Causal Relationships Between Gout and Hypertension Evaluated

Liability of gout has a causal effect on the onset of hypertension, but liability of hypertension does not have a causal effect on the onset of gout, according to the results of a Mendelian randomization (MR) study published in Arthritis Research & Therapy.

Because of limited evidence, the researchers of the current study sought to evaluate the causal relationships between gout and hypertension.

Genetic information was collected from the Taiwan Biobank, which included a total of 88,347 participants and 686,439 single-nucleotide polymorphisms (SNPs). A novel MR model with coarsened exposures was used to explore the causality between the liability of gout on hypertension and the liability of hypertension on gout. Overall, 4 SNPs associated with gout and 10 SNPs associated with hypertension were included, following the removal of any SNPs considered to be associated with measured confounders.

Inverse-variance weighted (IVW) and polygenic risk score (PRC) procedures were used to estimate the causal effect size. The MR analysis with coarsened exposures was conducted with and without adjustments for covariates.

Among the 88,347 study participants, 3.68% (n=3253) had gout and 13.52% (n=11,948) had hypertension. Overall, 31.9% of the participants were men. The mean participant age was 51.1 (SD, 11.1) years.

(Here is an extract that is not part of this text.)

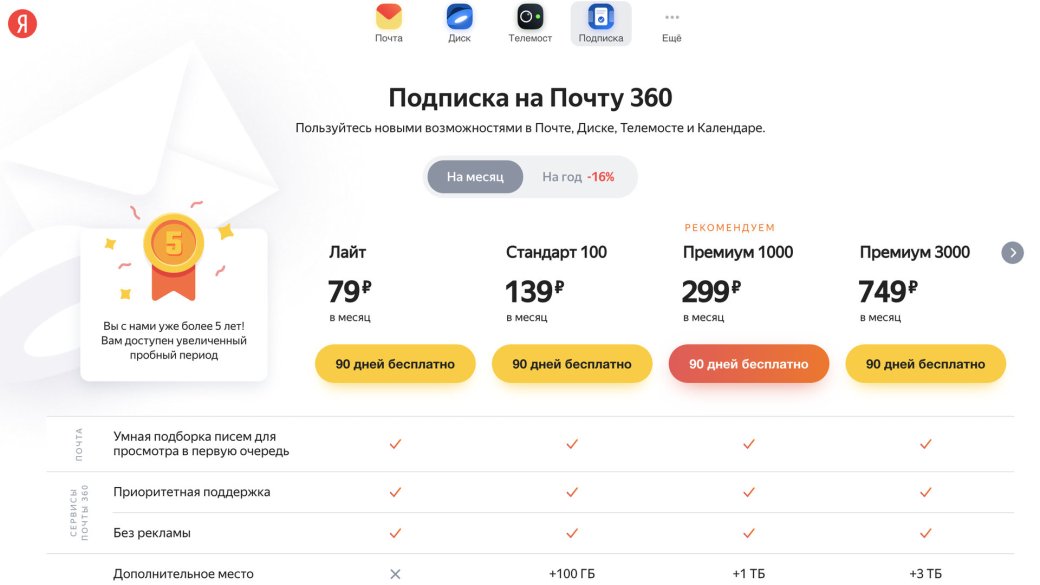 Представлена «Яндекс.Почта 360» — почтовый ящик с местом в «облаке» и набором сервисов — фото 2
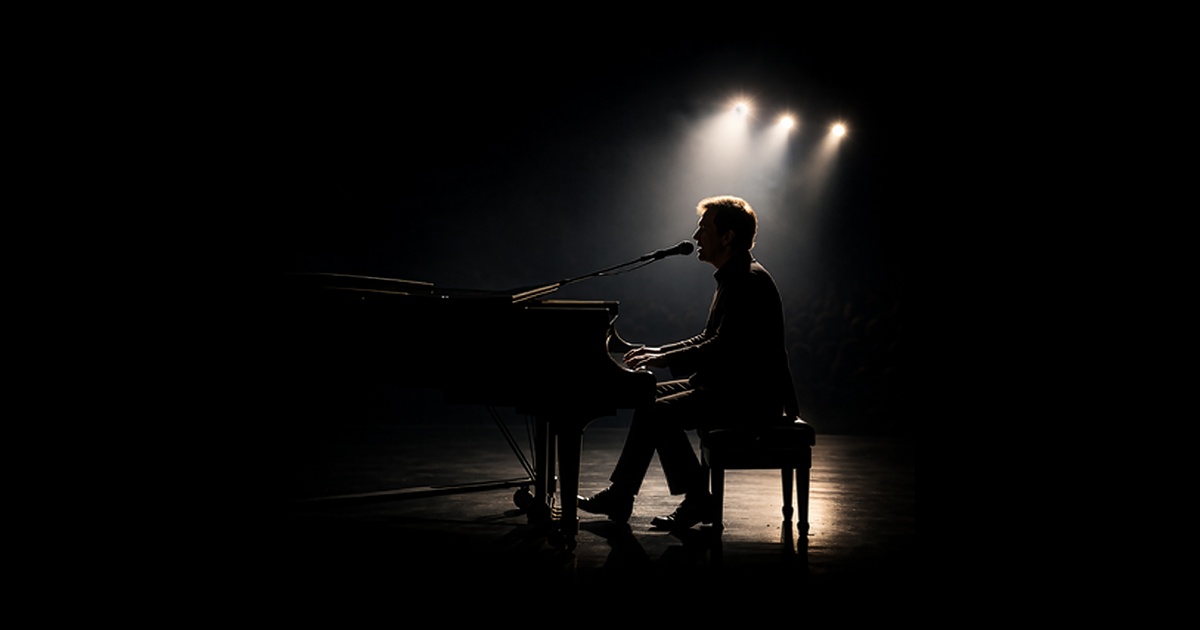 A person sits at a grand piano, singing into a microphone on a dark stage, illuminated by dramatic spotlights from above.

Results of the study showed that following adjustments for measured confounders, MR analysis with coarsened exposures demonstrated a significant positive causal effect of  the liability of gout on hypertension with both the IVW method (relative risk [RR], 1.10; 95% CI, 1.03-1.19; P =.0077) and the PRS method (RR, 1.10; 95% CI, 1.02-1.19; P =.0092). The result of causality reported was the same both before and after the involvement of measured confounders.

However, no causal effect of liability of hypertension on gout was observed.

Limitations of the current study should be noted. Even though MR analysis with coarsened exposures included SNPs with pleiotropic effects to increase efficiency of the estimates, the incorrect classification of pleiotropic SNPs as valid instrumental variables may have introduced biased results. In addition, the Taiwanese population may have different epidemiologic or genetic features for gout and hypertension compared with other Asian populations.

The study authors concluded that “…it may be beneficial for clinicians to view gout as a chronic disease with important systemic effects rather than simply acute self-limiting arthritis.”